▶ _Description of the task_
With the pictures omitted, transcribe each line below exactly as it is.
Top of Information supplied
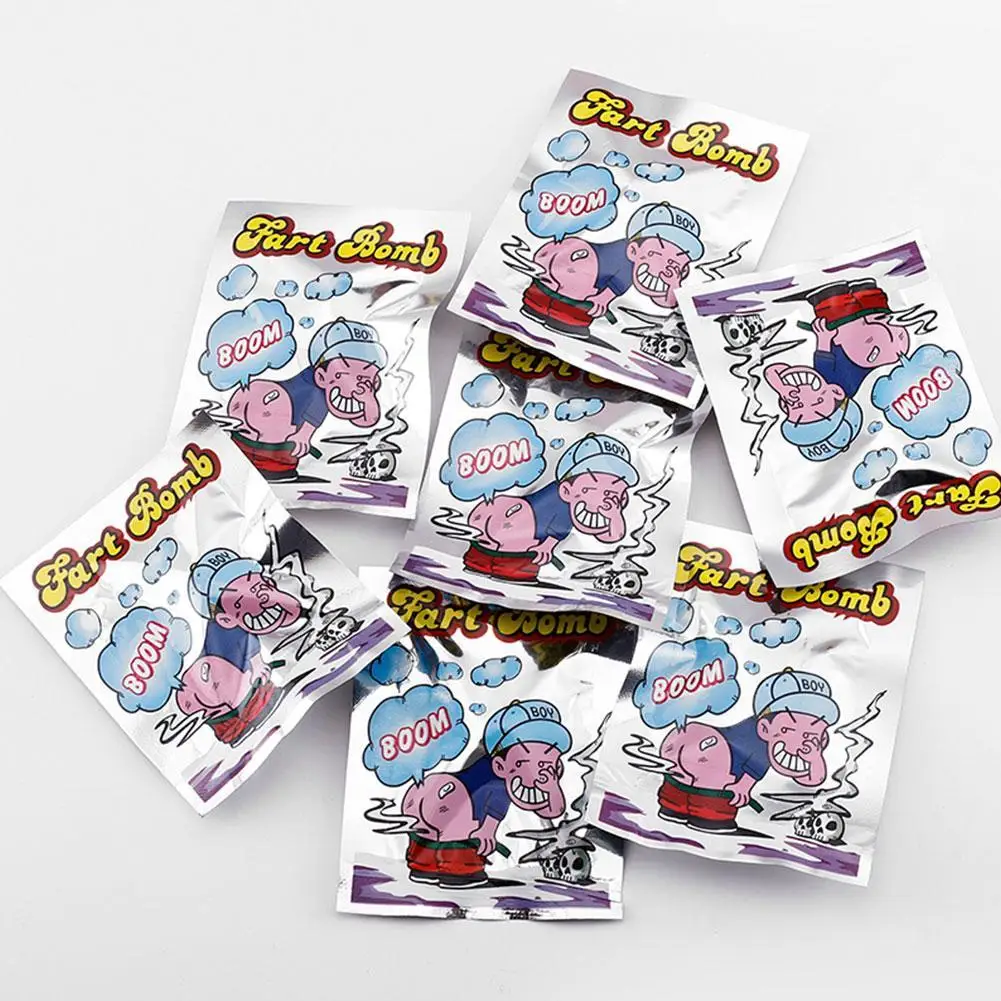 10 Teile/satz Neue Lustige Schock Spielzeug Explosion Stinkende Paket Die Ganze Menschen Spielzeug Stink Furz Pakete Geruch Party Liefert Geschenke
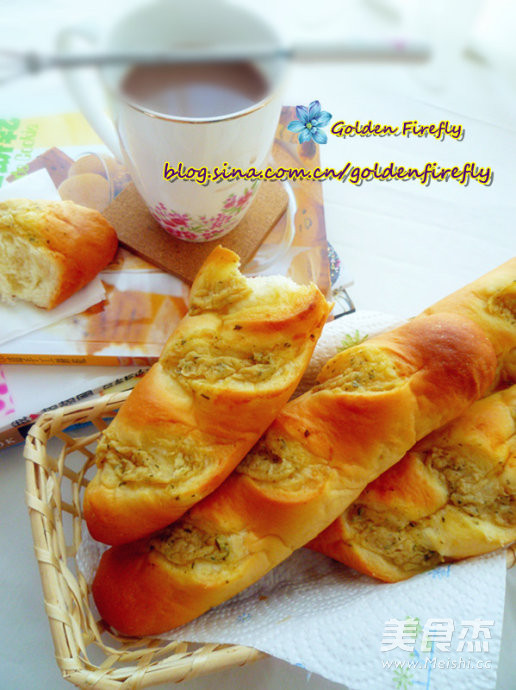 Garlic Cheese Soft Bread Sticks recipe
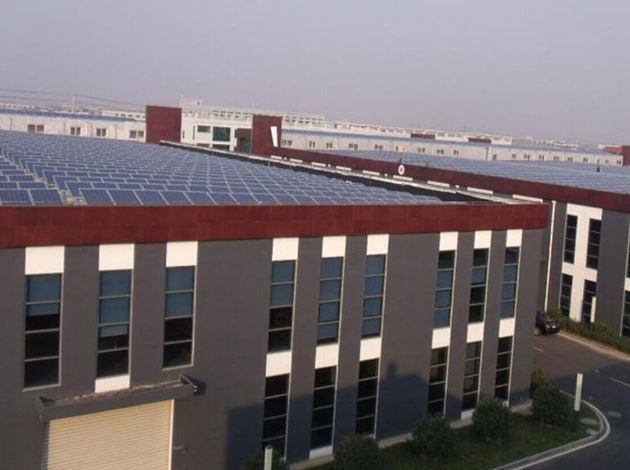 Changzhou-3.1MW سیستم خورشیدی پشت بام برای کارخانه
Bottom of Information supplied
▶ _Answer to this task_
 10 Teile/satz Neue Lustige Schock Spielzeug Explosion Stinkende Paket Die Ganze Menschen Spielzeug Stink Furz Pakete Geruch Party Liefert Geschenke
 Garlic Cheese Soft Bread Sticks recipe
 Changzhou-3.1MW سیستم خورشیدی پشت بام برای کارخانه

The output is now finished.